### [Your task]
The copy must run from the first line of the entries below through the line containing "Branco T-shirt Cupcake Seasonal Essentials", restated word for word, with pictures left out.

### [Excerpted records]
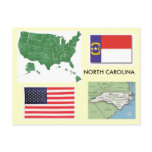 North Carolina, USA Postcard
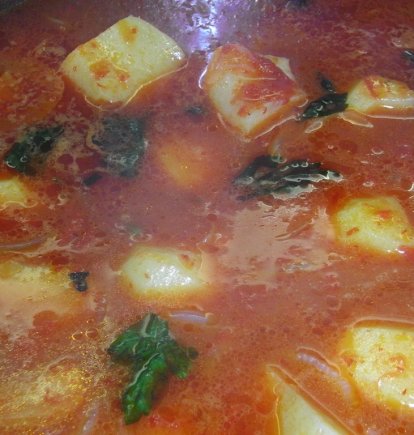 Marmitako de atún.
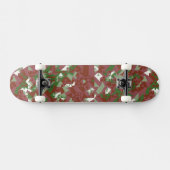 Eclectic Mod Retro Geometrisch Kerstpatroon Persoonlijk Skateboard (Horizontaal)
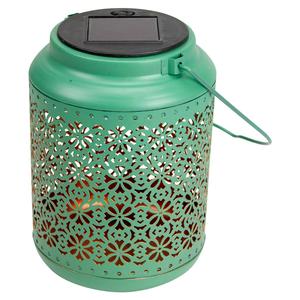Northlight 7in. Floral LED Solar Lantern alternate view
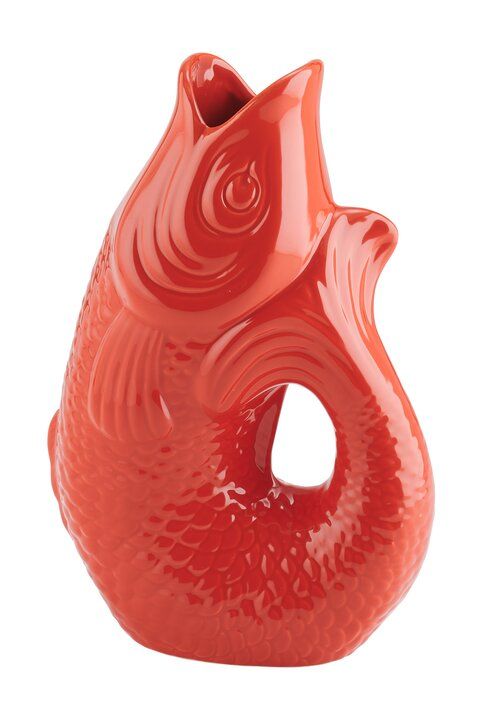 Monsieur Carafon, Fisch Vase L rot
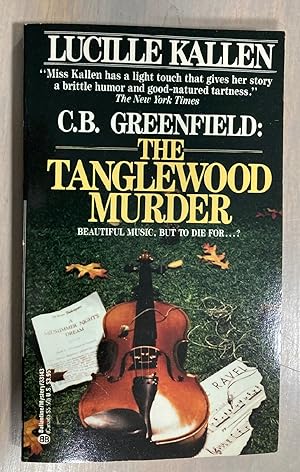 C.B. Greenfield The Tanglewood Murder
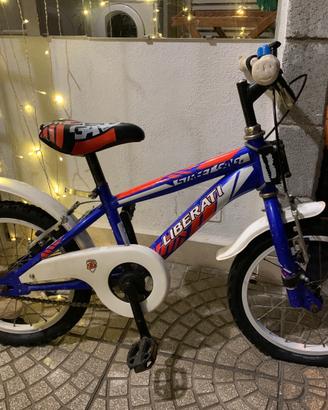 Bici bambino 16" liberati con accessori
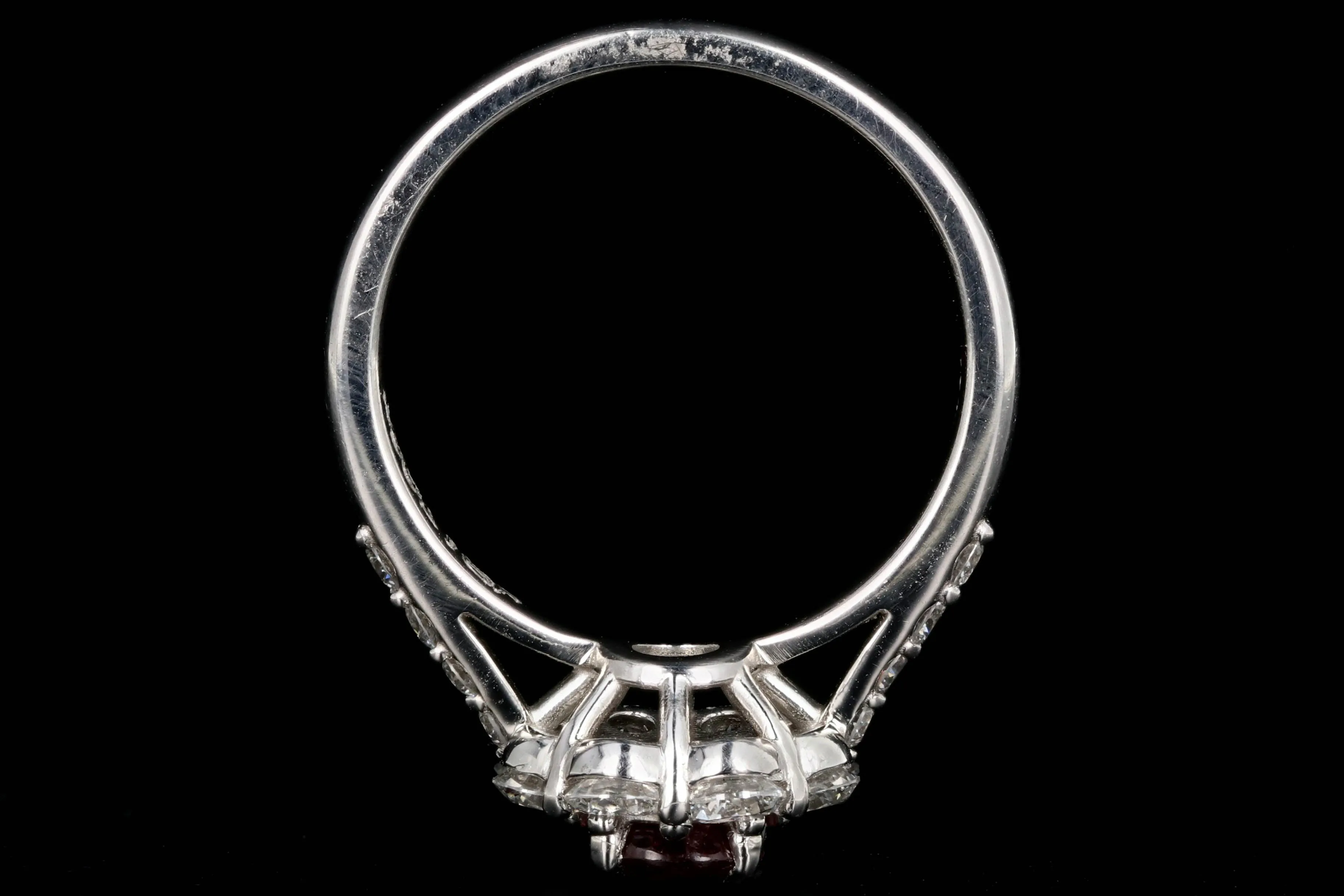Modern Platinum 1.01 Carat Natural No Heat Ruby and 1 Carat Round Brilliant Diamond Ring GIA Certified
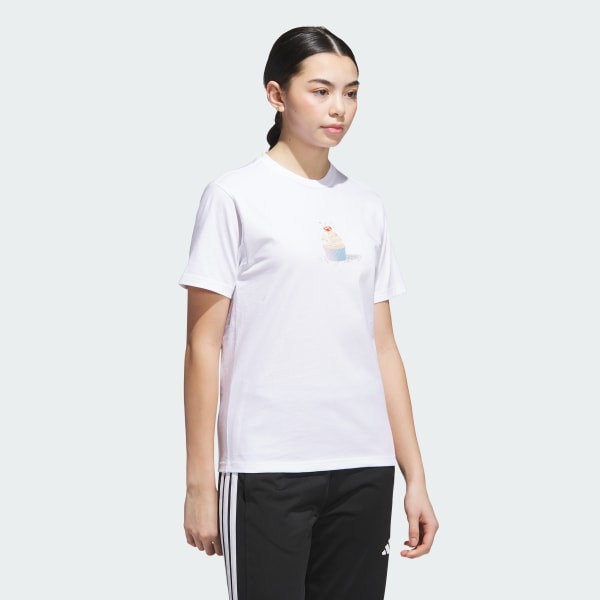 Branco T-shirt Cupcake Seasonal Essentials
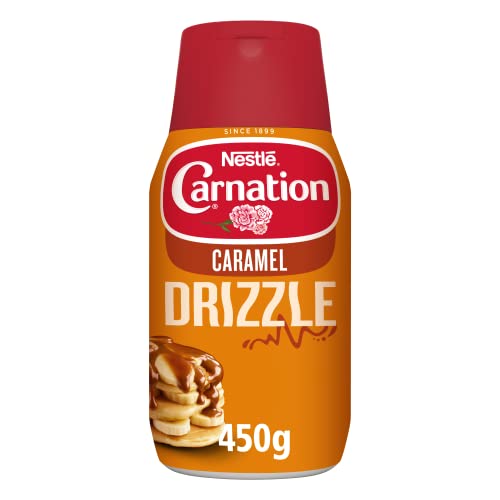 Carnation Caramel Drizzle Condensed Milk Dessert Sauce for Pancakes Ice Cream and Desserts 8 X 450 g Bottle
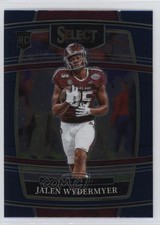 2022 Panini Select Draft Picks Concourse Blue Jalen Wydermyer #19 0b3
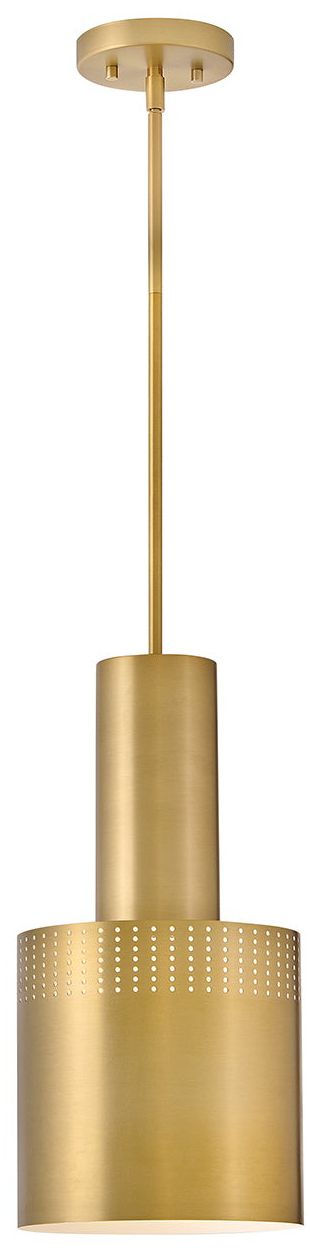 Lark Casey Interior Small Pendant 9" Lacquered Brass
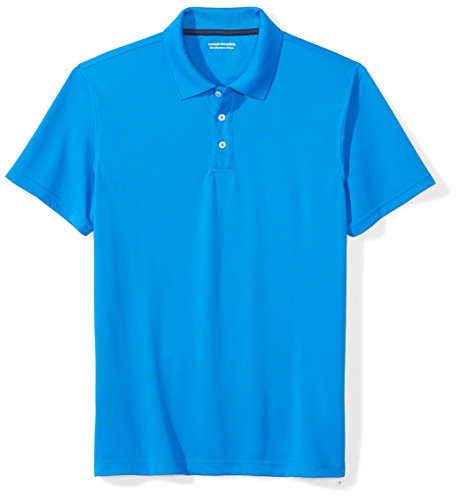 Amazon Essentials Men's Slim-Fit Quick-Dry Golf Polo Shirt, Electric Blue, Medium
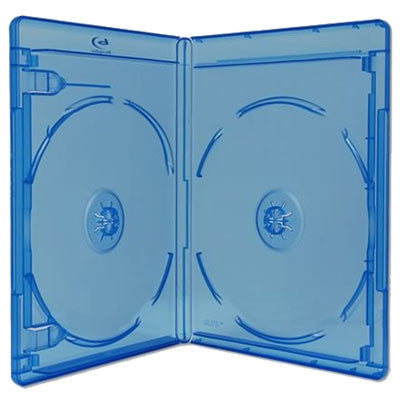 12mm Standard Double Disc Capacity Blu-ray Case Blu-ray Logo - ProDuplicator.com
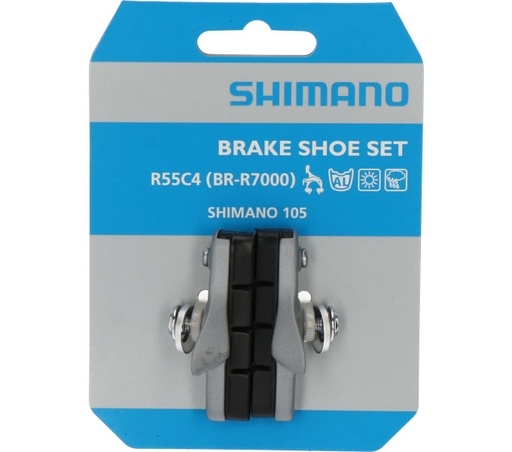 [#PL-Y8ZJ98010] SHIMANO BR-R7000 R55C4 CARTRIDGE-TYPE BRAKE SHOESET (PAIR/SILVER)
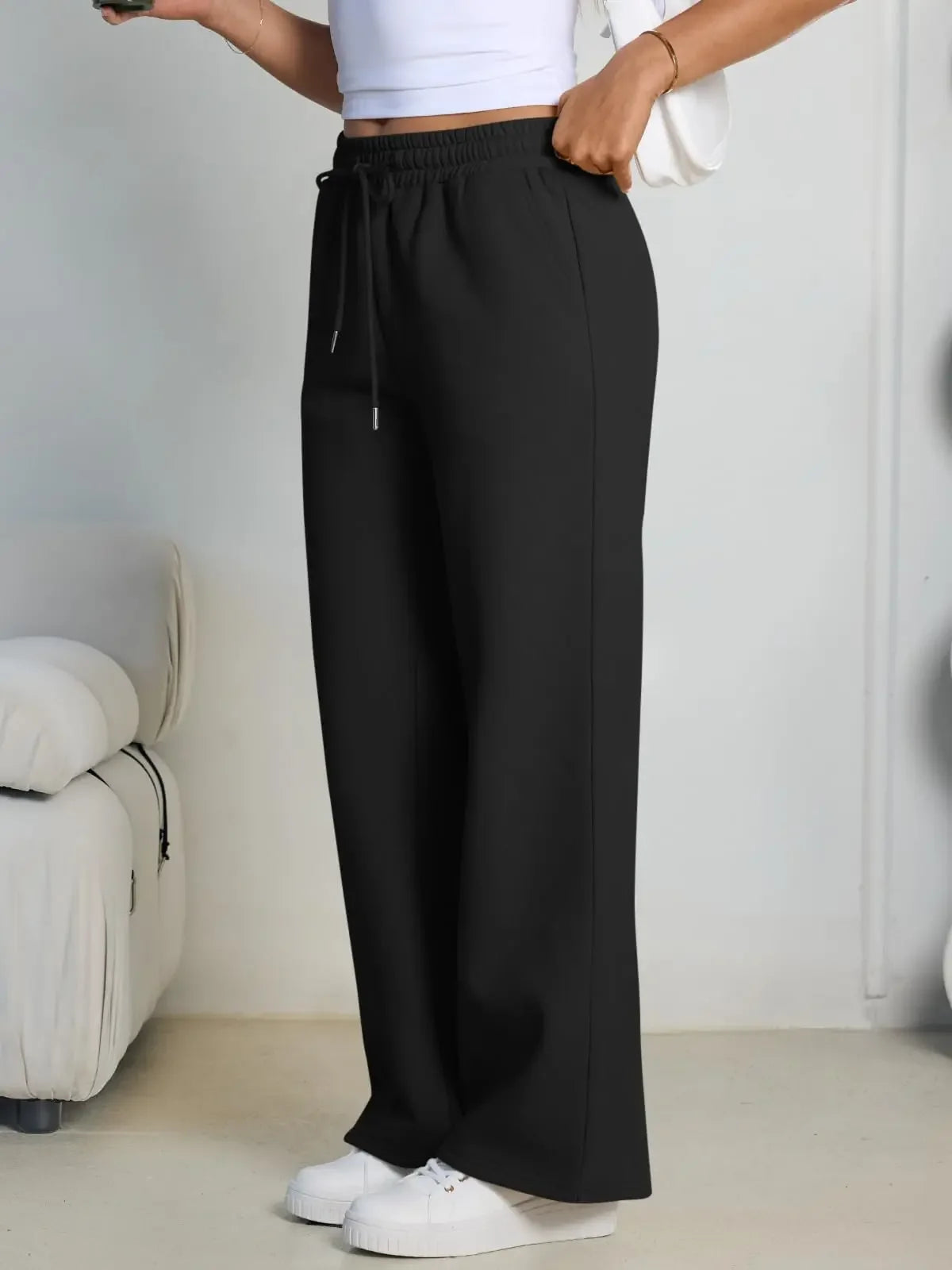 Straight Wide Leg Loose Pant Women Fahsion 2026 Spring Summer New Baggy Sweatpants High Waist Csual Street Pants Chic Trousers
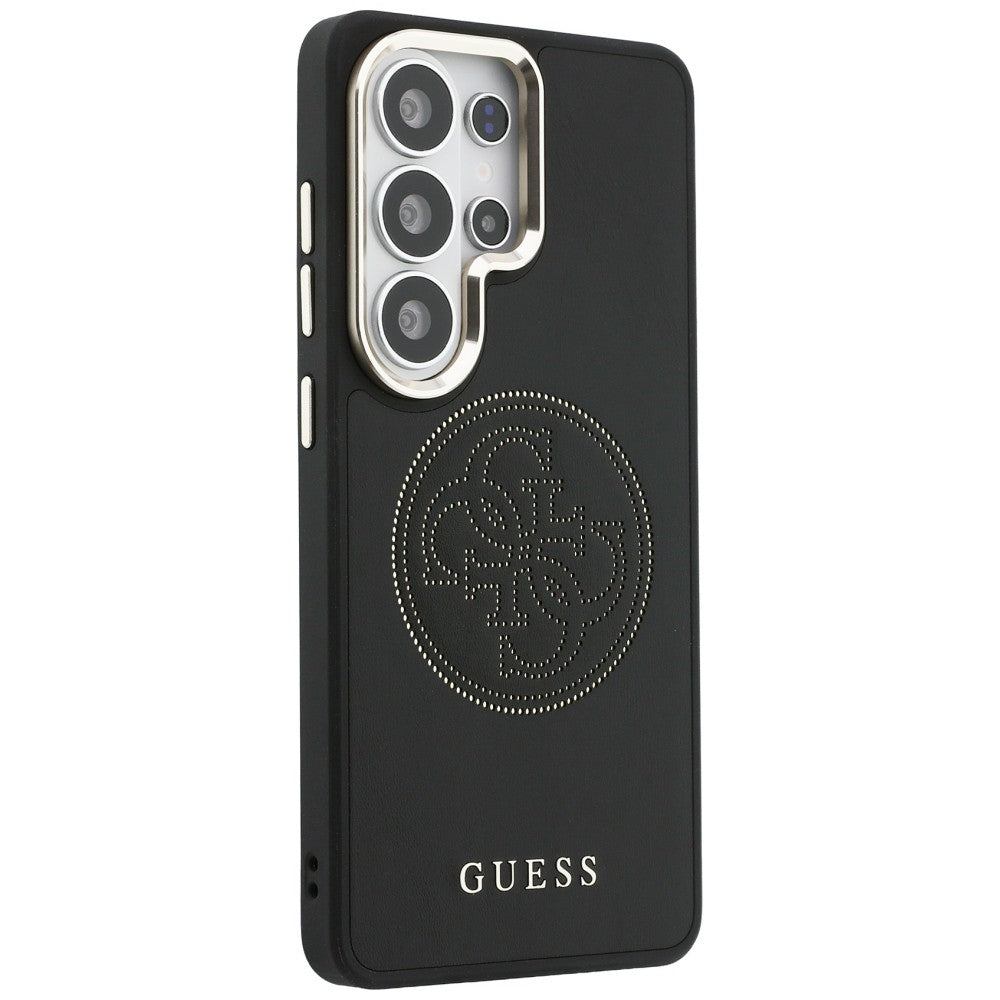 Θήκη MagSafe για Samsung Galaxy S26 Ultra S948, Guess, Perforated Logo, Μαύρη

### [Result for this exercise]
 North Carolina, USA Postcard
 Marmitako de atún.
 Eclectic Mod Retro Geometrisch Kerstpatroon Persoonlijk Skateboard (Horizontaal)
Northlight 7in. Floral LED Solar Lantern alternate view
 Monsieur Carafon, Fisch Vase L rot
 C.B. Greenfield The Tanglewood Murder
 Bici bambino 16" liberati con accessori
Modern Platinum 1.01 Carat Natural No Heat Ruby and 1 Carat Round Brilliant Diamond Ring GIA Certified
 Branco T-shirt Cupcake Seasonal Essentials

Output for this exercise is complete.